Evans joined several other athletes in raising fists and wearing Black berets on the winners stand at Mexico City, considered a shocking political move at the time. Evans’s protest followed that of both American 200-meter sprint medalists, Tommie Smith (gold) and John Carlos (bronze), who raised fists in the air while “The Star-Spangled Banner” was played and American flags were raised.

The protests have since become symbolic of the rise of Black power in the US, and became the story of those Olympics. Since then, other protests, including kneeling and raised fists, have become common at athletic events. In fact, the Tokyo Olympics has banned political protests at its events, although enforcement of that rule may be difficult.

Evans was one of several Black athletes who had threatened to boycott the Games. His protest at the games after Smith and Carlos was amplified since they were suspended and then expelled for life from the Olympics for their protest.
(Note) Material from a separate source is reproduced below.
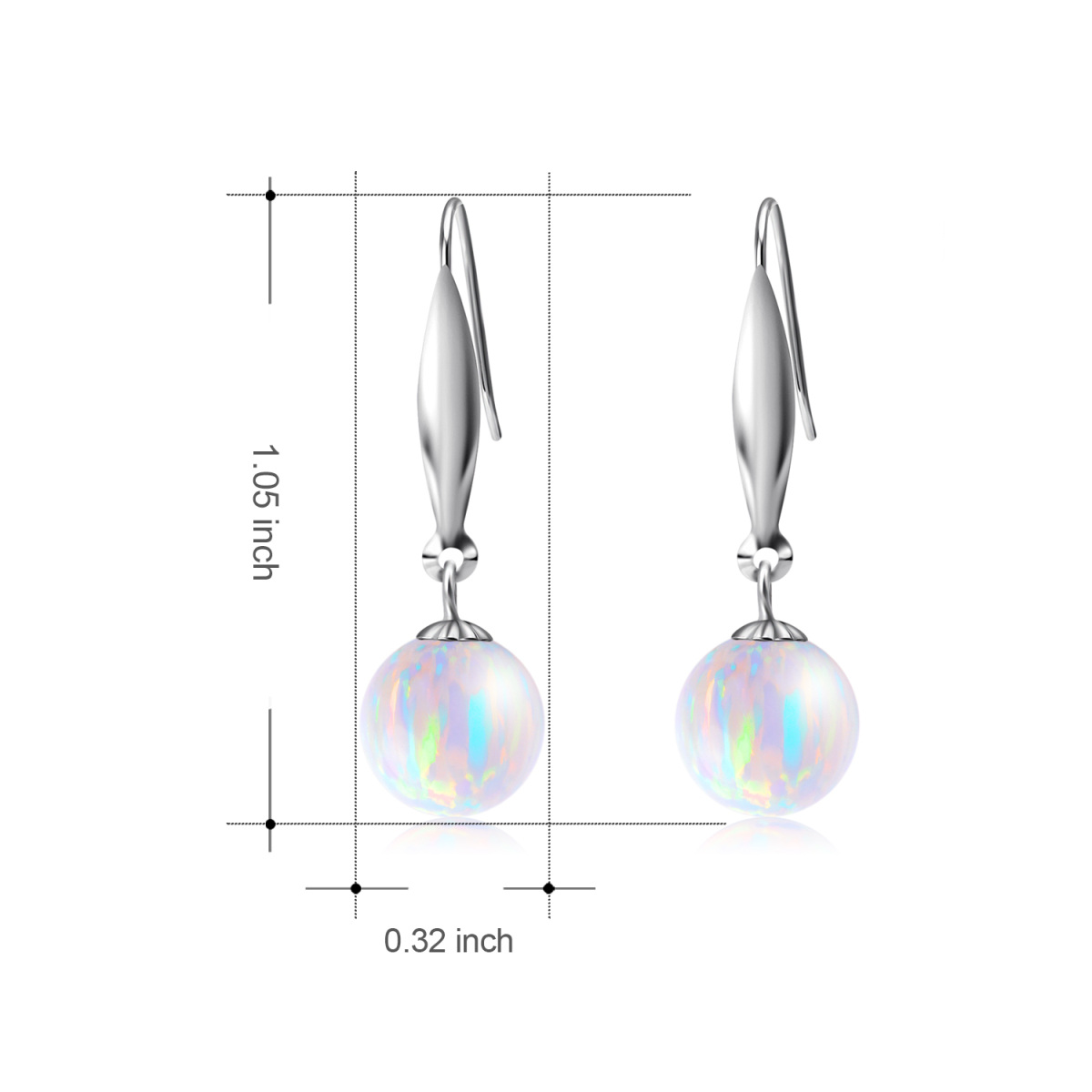 Boucles d'oreilles pendantes en or blanc 18K avec opale ronde-5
Evans briefly considered whether he should not participate in his two scheduled races — a 400-meter run two days later, and a 1,600-meter team relay three days after that.

But Carlos assured him to go ahead, and Evans went on to two golds and two world records. He won his first gold in the 400-meter in 43.86 seconds, a record that stood for 20 years, and his second gold anchoring the United States team in the 1,600-meter relay, run in 2 minutes 56.16 seconds, a record that lasted for 24 years.
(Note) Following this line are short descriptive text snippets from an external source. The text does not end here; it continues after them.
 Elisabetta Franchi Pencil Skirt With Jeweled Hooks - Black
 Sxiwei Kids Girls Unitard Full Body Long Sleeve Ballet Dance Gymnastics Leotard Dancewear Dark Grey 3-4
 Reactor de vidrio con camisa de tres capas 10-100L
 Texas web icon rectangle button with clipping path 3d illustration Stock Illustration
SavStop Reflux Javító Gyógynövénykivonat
In the 400-meter race, three Black Americans won, and all three wore black berets on the medal stand and raised their fists. However, they lowered them and removed the berets when the national anthem began and the American flags were raised.

Those actions were seen as conciliatory by the International Olympic Committee, which did not penalize or reprimand the three sprinters.
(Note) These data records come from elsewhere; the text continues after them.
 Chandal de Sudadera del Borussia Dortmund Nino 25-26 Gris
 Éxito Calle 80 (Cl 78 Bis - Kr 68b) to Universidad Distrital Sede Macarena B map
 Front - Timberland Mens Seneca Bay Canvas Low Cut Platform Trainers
The members of the 1,600-meter relay American team staged no demonstration during the awards ceremony, although Evans refused to shake hands with an Olympic official.

Evans’s career continued after the 1968 Olympics. He won the United States national championships in 1969 and 1972, but finished fourth in the 1972 Olympic trials. He was selected for the 1,600-meter relay at the 1972 Munich Games, but the United States did not field a team.

After his career, Evans coached track-and-field teams in the United States, Africa and the Middle East for many years. He was inducted into the United States National Track and Field Hall of Fame in Manhattan in 1983 and the United States Olympic Hall of Fame in Colorado Springs in 1989.

Evans graduated from San Jose State in 1970 and from 1972 to 1974 competed in the International Track Association, a short-lived professional circuit.

Details on survivors and memorial plans was not immediately available.